Com a aproximação deste meio ano de conflito, o cenário internacional parece estar a mudar. Depois de várias tentativas falhadas iniciadas ainda em meados de outubro de 2023, o Conselho de Segurança da ONU aprovou finalmente, a 25 de março, uma resolução exigindo um cessar-fogo imediato, embora temporário, e que teria lugar durante o mês do Ramadão, que termina na próxima terça-feira. Esta aprovação foi possível com a abstenção dos Estados Unidos, um dos cinco membros permanentes do Conselho de Segurança, que detém, juntamente com o Reino Unido, a França, a China e a Rússia (os chamados P-5), o poder de veto.

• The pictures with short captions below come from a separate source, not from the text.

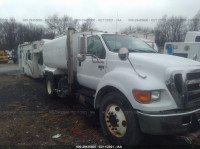 2007 FORD SUPER DUTY F-750 XL/XLT 3FRWF75R47V514530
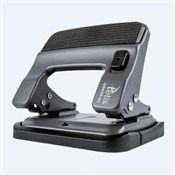 Dziurkacz ... -  Książka z wysyłką do UK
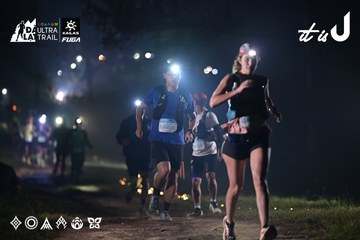 Dalat Ultra Trail 2026 - Ảnh #4707759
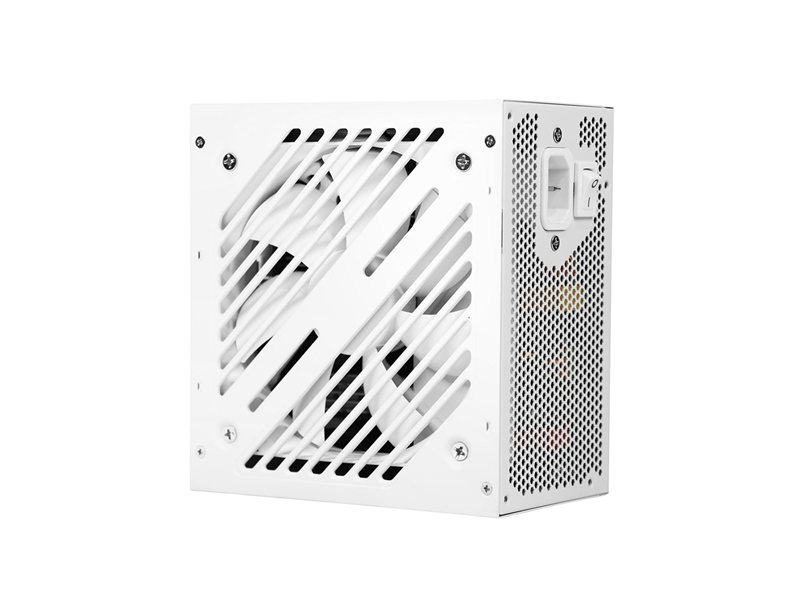 Блок питания/ Power Supply HSPD, 750W 80+ Bronze (ATX, 2.31, Semi-modular, 1x24(20+4)pin 550mm, 1xCPU*2 8(4+4)pin 600+150mm, 1xPCIe*2 8(6+2)pin 500+150mm, 2xSATA*3 400+150+150mm, 1xMOLEX4pin*3+FDD 400+150+150+150mm , Active, 120x120mm, 150x140x86mm, APFC,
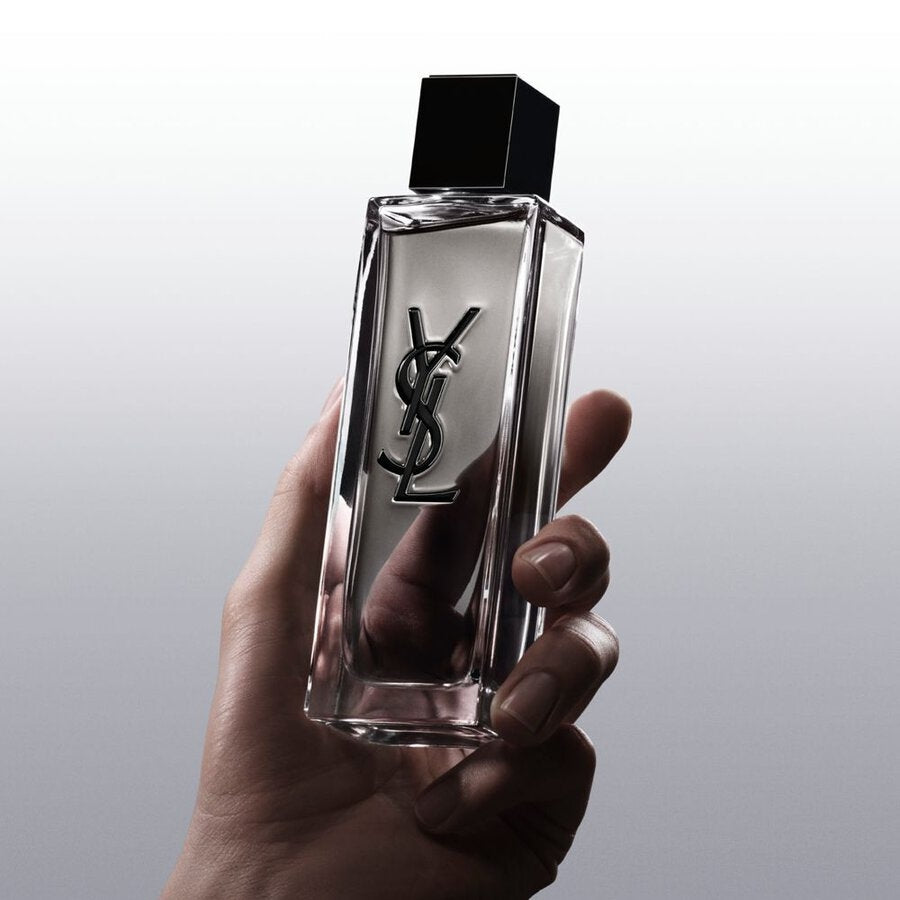 Myslf Intense Eau de Toilette
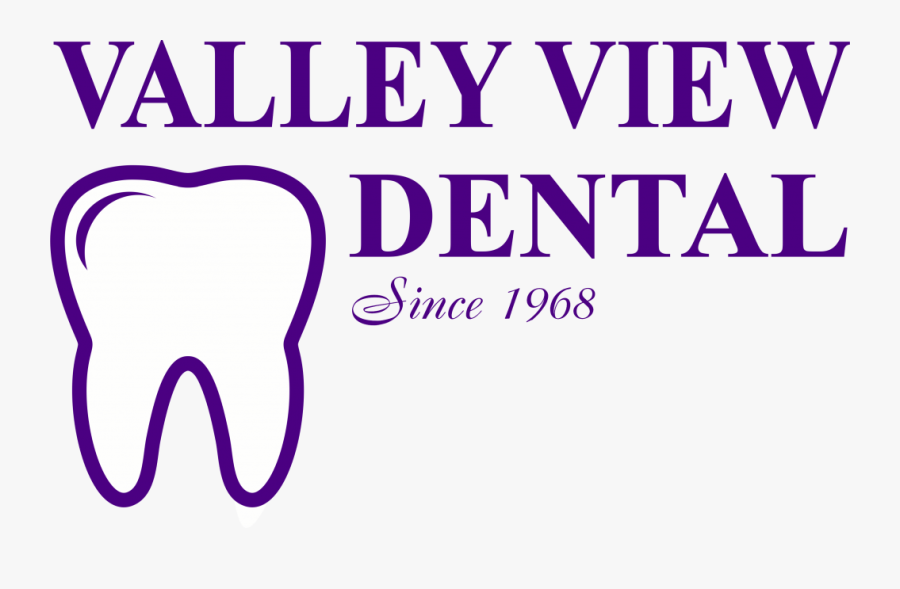 Valley View Dental, Transparent Clipart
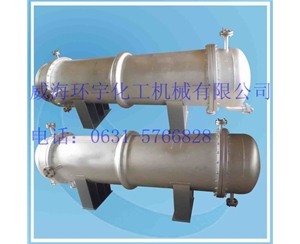 天津15m2 Heat Exchanger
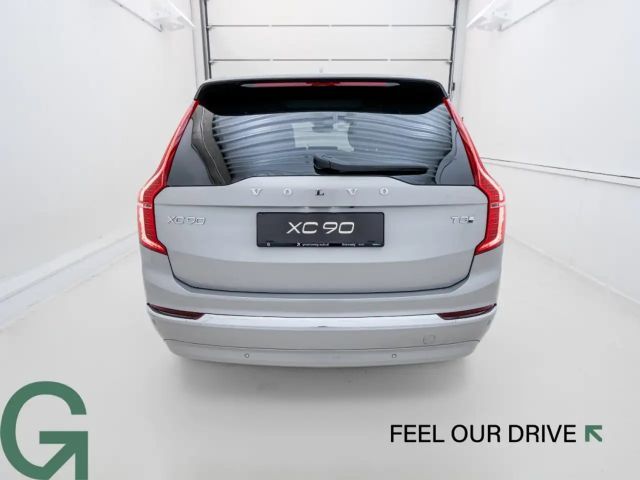 Volvo XC90 AWD Bright T8 Ultra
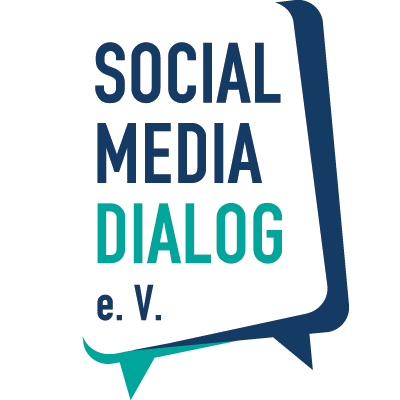 SoMeDialog's profile picture. Social Media Dialog e. V. - on- und offline im Gespräch - Social Media Wissen - Hier twittern: ^mr: Marco Roettger & ^ht: Heiner Tenz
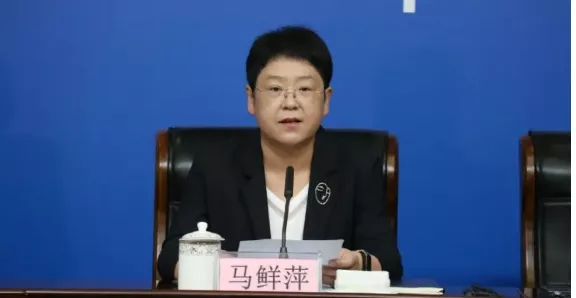 杨广亭出任宝鸡市长,西安新添一位女市委常委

Pese embora o desrespeito pré-anunciado pelo cumprimento desta resolução por parte de Israel, a sua aprovação representa o culminar do isolamento internacional do Governo de Benjamin Netanyahu, que vem tomando proporções nunca vistas antes. Isto inclui uma alteração profunda (ainda que, para já, apenas ao nível discursivo) da posição norte-americana, expressa nas declarações do líder da maioria democrata no Senado dos EUA, o judeu Chuck Schumer, que defendeu eleições e uma mudança de liderança em Israel; bem como no telefonema de Joe Biden desta semana, que desencadeou a decisão de abertura temporária da passagem de Erez para a entrega de ajuda humanitária no Norte da Faixa de Gaza; e na declaração pública de Anthony Blinken durante o Conselho da NATO, na qual o secretário de Estado dos EUA afirma que, se Israel não mudar a sua postura, os Estados Unidos vão modificar sua política relativamente ao país, acrescentando que Israel se arrisca a tornar-se indistinguível do Hamas se continuar a não proteger as vidas humanas.

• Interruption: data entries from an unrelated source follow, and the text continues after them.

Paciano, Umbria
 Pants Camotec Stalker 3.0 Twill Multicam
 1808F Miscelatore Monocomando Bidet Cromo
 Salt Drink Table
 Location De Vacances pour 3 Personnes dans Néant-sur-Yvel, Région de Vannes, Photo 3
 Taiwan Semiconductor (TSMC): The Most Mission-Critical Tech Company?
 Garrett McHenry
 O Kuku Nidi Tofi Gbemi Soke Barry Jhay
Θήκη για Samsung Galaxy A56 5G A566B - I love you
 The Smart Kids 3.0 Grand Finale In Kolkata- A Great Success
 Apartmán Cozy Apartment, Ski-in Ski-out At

Por um lado, esta aparente mudança de posição ainda não parece representar uma esperança para o futuro do povo palestiniano. Os EUA continuam a ser, para todos os efeitos, os maiores apoiantes morais e financeiros de Israel, não tendo ainda prescindido do último, o mais importante no contexto do esforço de guerra. Contudo, se a ambiguidade norte- americana pode deixar os mais céticos de olhos revirados, a verdade é que Netanyahu tem esticado a corda a níveis tão extremos que posiciona Joe Biden como um líder fraco e contraditório. A aproximação de eleições norte-americanas em novembro deste ano não traz bons augúrios para quem espera que a superpotência venha a transformar a sua coação em ação e possa alterar o equilíbrio de forças em Israel. No entanto, justamente por causa do cenário eleitoral que se aproxima, podemos passar a ver as ações de humilhação constantes do Governo de Netanyahu contra o Presidente dos Estados Unidos levarem a uma mudança concreta de posicionamento.

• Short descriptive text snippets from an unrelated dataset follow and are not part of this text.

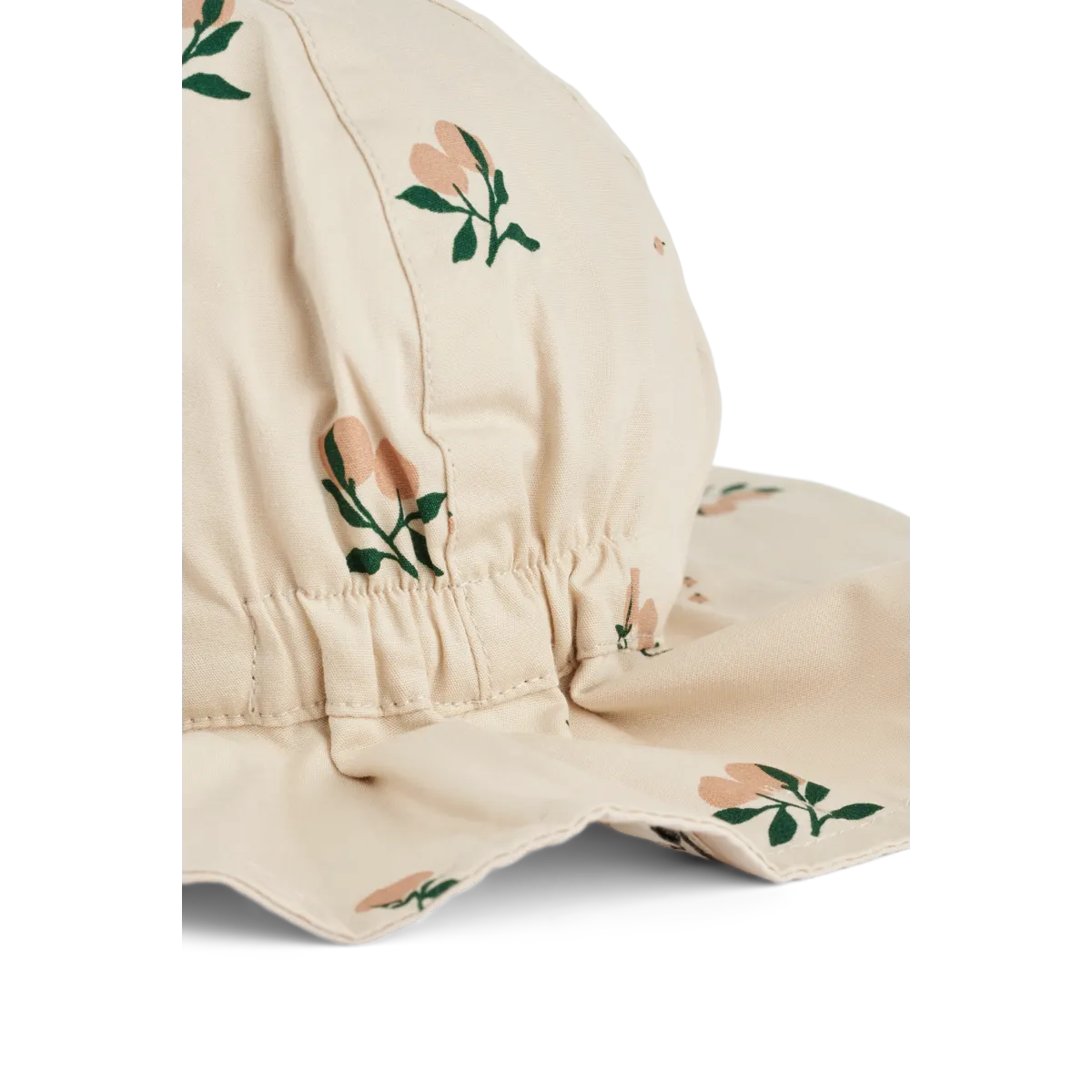 Liewood Amelia reversible zonnehoedje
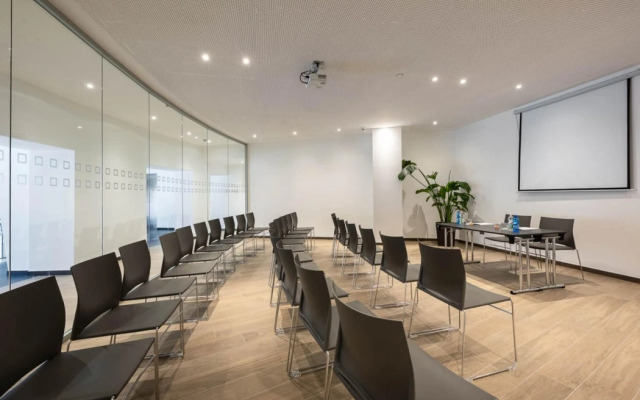 IH Hotels Milano Centrale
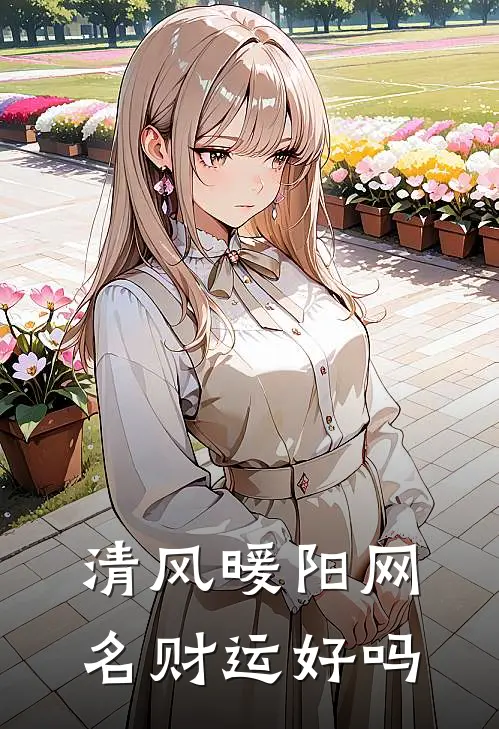 清风暖阳网名财运好吗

Uma coisa, pelo menos, é certa: os cidadãos do Estado de Israel já começam a verbalizar que este Governo, cuja contestação já era enorme antes de outubro de 2023, está a comprometer a relação especial com o principal aliado histórico do país. Além disso, cresce a percepção de que a guerra de Netanyahu tem contornos pessoais, visando a sua manutenção no poder no contexto das investigações de corrupção que enfrenta, e tendo pouco ou nenhum interesse no resgate dos reféns. O movimento “not in our names” tem ganhado força. E isto, sim, pode ser um divisor de águas em termos de mobilização social com eventual impacto eleitoral, levando a uma alteração de liderança que poderá modificar o rumo deste conflito.